Feature

Top 20 scenes of 2014: 10-1

TheShiznit.co.uk

30th December 2014



Directors: Jean_Pierre Dardennes, Luc Dardennes / Cast: Marion Cotillard, Fabrizio Rongione, Catherine Salée
Writers: Jean_Pierre Dardennes, Luc Dardennes / Cinematography: Alain Marcoen

A reflection of modern industry that's a little too close for comfort, Two Days, One Night sees Marion Cotillard's factory worker let go after being signed off for depression, with her co-workers effectively signing her death warrant by opting for their bonuses instead of choosing to keep her on. The Dardennes brothers signpost the road ahead - Cotillard's beleagured Sandra, haggard and frail, will doorstep each of her colleagues to see if she can change their minds. The results, you feel, will either be negative or positive - they will either stick to their guns and take the money which they've earned, or they'll be guilt-tripped into giving in. Not in every case.

Midway through the film, Sandra approaches her colleague Timur, who she finds playing football near his home. Upon seeing her, Timur rushes over to the sidelines and lets her speak, barely allowing her to finish before he bursts into tears and professes his long-festering guilt as to his original vote. Bent in two with genuine contrition, Timur apologises profusely, tears streaming down his face, and thanks Sandra for giving him a chance to lift his burden. By the end of their encounter, she is comforting him.

It's an unexpected ray of sunshine beamed through an otherwise cloudy film, hung heavy with doom and gloom. Two Days, One Night lays bare the human condition; the different ways people behave when their morals are questioned and their livelihoods are threatened. The Dardennes showcase a full spectrum of emotion and don't pull any punches, but Timur's redemption is a welcome reminder that light can still reach you even when you're down a deep, dark hole. Ali


Director: Bryan Singer / Cast: Hugh Jackman, James McAvoy, Jennifer Lawrence
Writers: Simon Kinberg (screenplay), Simon Kinberg, Jane Goldman & Matthew Vaughn (story) /
Cinematography: Newton Thomas Sigel

The past X-Men characters from the future meet the present X-Men characters from the past! Old Xavier meets Young Xavier, Old Magneto acts a bit like Young Magneto, Same Wolverine becomes Same Wolverine's Gratuitous Butt... in among the combining of these TWO ensemble casts of already popular characters, it says a lot that the stand-out star is new mutant Quicksilver. And it's all thanks to this one scene.
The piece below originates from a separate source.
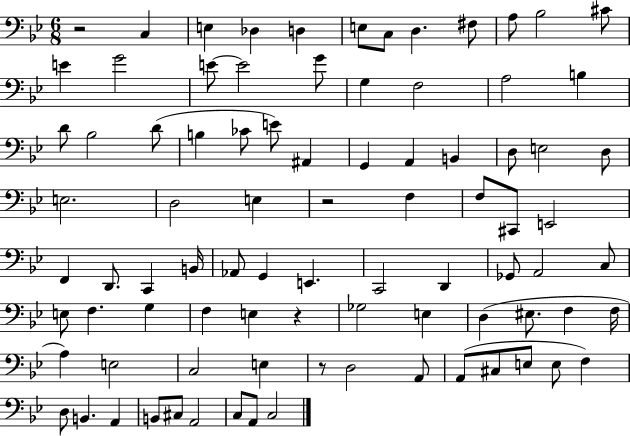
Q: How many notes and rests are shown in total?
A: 87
This set-piece is a stop-everything break of pure pleasure in a film that is otherwise evenly balanced to within an inch of its runtime. With time standing (relatively) still, the perfectly-pitched ADHD-infused tearaway saves the day with his tongue stuck firmly in his G-Force shaking cheek. He moves fired bullets, positions security guards into precarious situations and even tries some of the mid-air spilled soup, all to the low-key sombre crooning of Jim Croce's Time In a Bottle.

Just like any movie involving special powers with undefined limitations, it's best not to think too hard about the logistics. So don't question why Quicksilver puts on his headphones even though the whole scene occurs, real-time, in the blink of an eye. Don't wonder whether that means he is listening to a sped up version of the song. Or if THAT suggests that he also listens in superspeed. Or er... what that even means.
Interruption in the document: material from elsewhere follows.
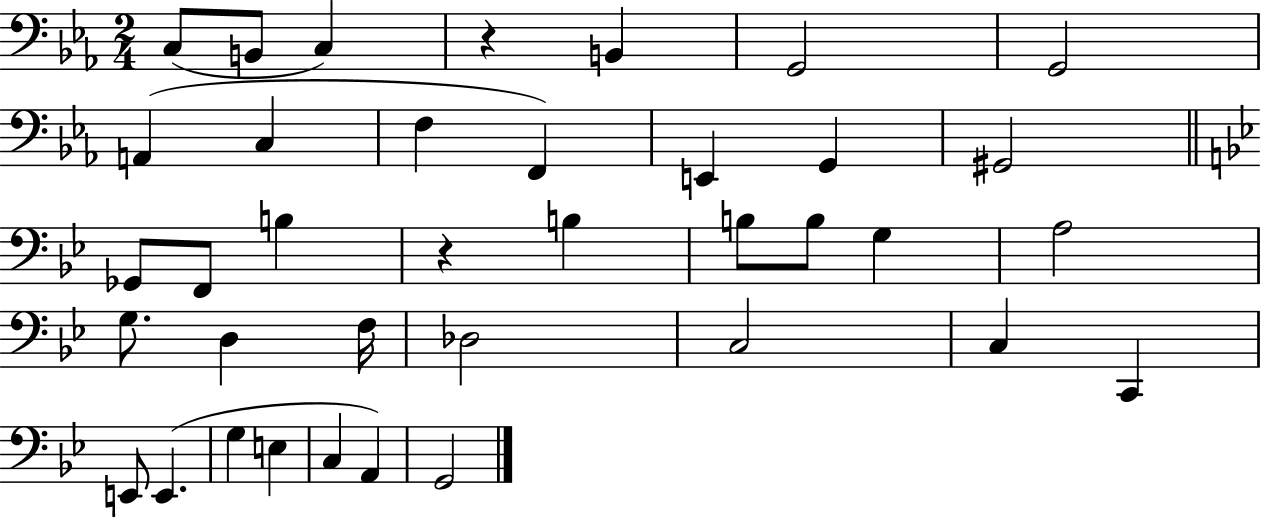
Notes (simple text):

C3/e B2/e C3/q R/q B2/q G2/h G2/h A2/q C3/q F3/q F2/q E2/q G2/q G#2/h Gb2/e F2/e B3/q R/q B3/q B3/e B3/e G3/q A3/h G3/e. D3/q F3/s Db3/h C3/h C3/q C2/q E2/e E2/q. G3/q E3/q C3/q A2/q G2/h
What is important is that X-Men: Days Of Future Past is a pretty much perfect celebration of the entire X-Men franchise to date and yet, barring a few time-travel related continuity questions, the only problem anybody seemed to have with the film is that Quicksilver is barely in it. That he is inexplicably sent home despite the fact that there is still a major apocalyptic event to be prevented is the craziest decision ever made in the X-Men universe. Well, that and casting Vinnie Jones. Matt

Read the full review



Director: James Gunn / Cast: Chris Pratt, Zoe Saldana, Dave Bautista
Writers: James Gunn, Nicole Perman / Cinematography: Ben Davis

It's Chris Pratt goofing around.

I mean, it's so much more than that, obviously. It's the continuation of the film's all-important soundtrack, it's picking up a hanging thread about how dancing is an all-bonding expression of freedom and individual personality, and it's Marvel subverting its own reliance on big-budgeted, bombastic set-pieces by cutting through the film's own pompous climax with a record-scratch scene of sheer silliness. But it's mostly Chris Pratt goofing around.

It is also a perfect representation of Guardians Of The Galaxy's overall tone - an altogether more irreverent take on the superhero genre that swaps hotchpotch resourcefulness for the standard "strong belief in truth, justice and the American way". This is a movie where – rightly so, considering its setting in the infinite cosmos - it feels like anything can happen. While director James Gunn doesn't exactly throw out the Marvel rulebook, it seems like he has gone through it like a teenager would with a biro, scribbling rude words in the margin and drawing moustaches on all the important illustrations. He sticks to the subject matter and ticks all the boxes in setting up The Avengers 15, or whatever, but, everywhere else, he is deliberately poking fun into every scene.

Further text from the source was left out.